A group of seals gather to drive out a great white shark that threatens their territory.

This was the remarkable opening scene that launched the BBC’s new nature series, Planet Earth III, which uses unique thermal imaging technology forged at Leonardo’s Basildon and Southampton sites to capture wildlife in some of the world’s most dynamic and dangerous habitats.

The company’s engineers have built technology that enables BBC camera crews to observe wildlife in pitch-dark conditions that are not visible to normal film cameras.

In the first section of Planet Earth IIIthe Leonardo camera captured nighttime images of thousands of angry cormorants along Namibia’s skeleton coast, closely watched by a group of hungry young desert lions who hesitate in their hunt because of their reluctance to get their paws wet.

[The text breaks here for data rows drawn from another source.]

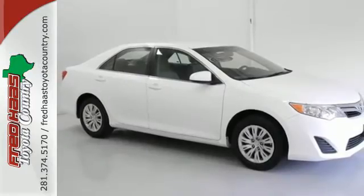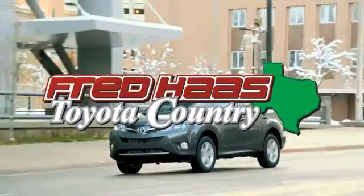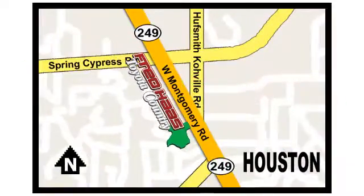Come down and test drive this Camry today. Fred Haas, proudly serving our community for more than 35 years. Fred Haas Toyota Country, Highway 249 at Spring Cypress, just two miles north of Willowbrook Mall.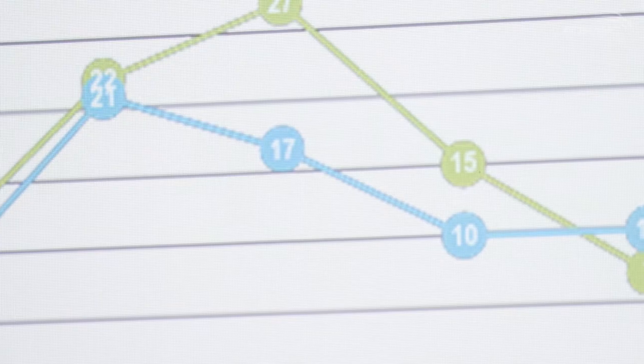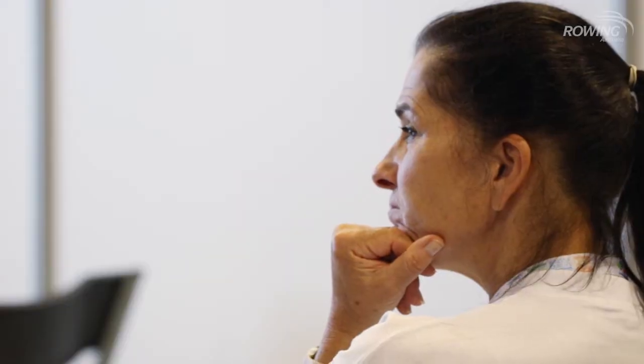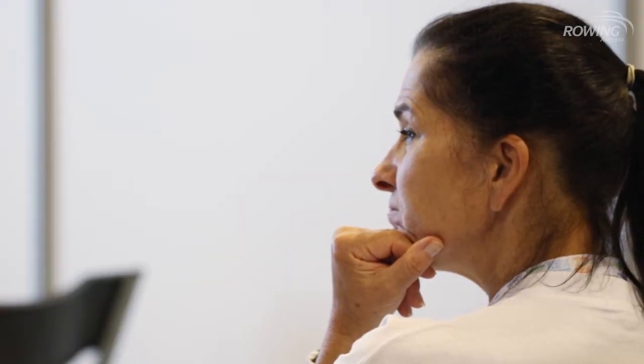From a low back pain point of view, that's our biggest injury in the elite area but also in the junior area as well. We want to take our knowledge from the elite area and put it back into preventing low back pain, and particularly the first incidence of low back pain for our junior rowers.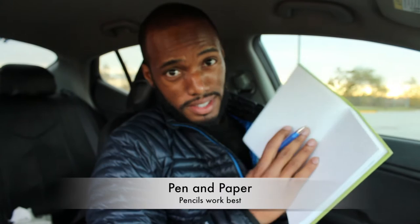Y'all remember this? Pen and paper? Yeah, it's old school but guess what — electronics, their batteries die. Pen and paper, all you have to do is replace the ink.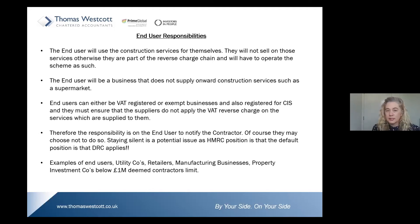The end user will use the construction services for themselves — they will not be selling on those services, otherwise they become part of the reverse charge chain. The end user will be a business that does not supply onward construction services — such as a supermarket. They can be VAT-registered or exempt businesses and also registered for CIS, but they must ensure that their suppliers do not apply the VAT reverse charge on services supplied to them.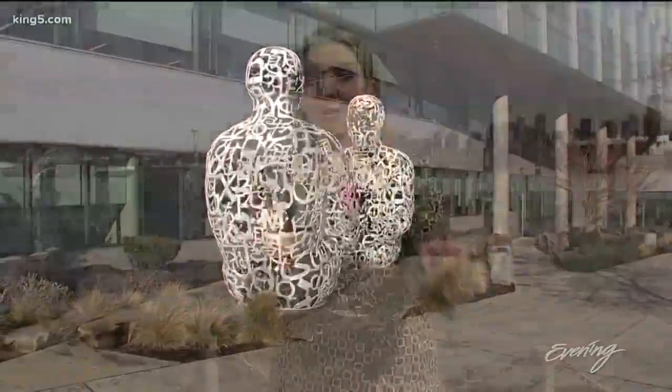Thank you, Michael. You can meet Jim in person at University Bookstore on Friday, April 19th.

Namibia’s lions are protected due to their scarcity, and those filmed by the Leonardo cameras were among the first seen along Namibia’s coastline in 40 years. Scenes like these would not have been possible without thermal imaging technology that captures images invisible to the human eye.

Direct feedback from the BBC’s camera team has been used to refine the thermal camera produced for their series over the years. These have included award-winning footage of leopards hunting in Mumbai as part of the Planet Earth II, Seven Worlds, One Planet series and Dynasties, capturing a famous pride of lions in Kenya’s Masai Mara.

A touchscreen tablet was added to the back of the imaging camera to control the focus and zoom functions, while a miniature video recorder was mounted on top, allowing the operator to work alone and cause minimal disturbance to wildlife. The camera has the ability to reveal detailed images of wildlife, making it possible to capture previously unknown wildlife behavior and physiology.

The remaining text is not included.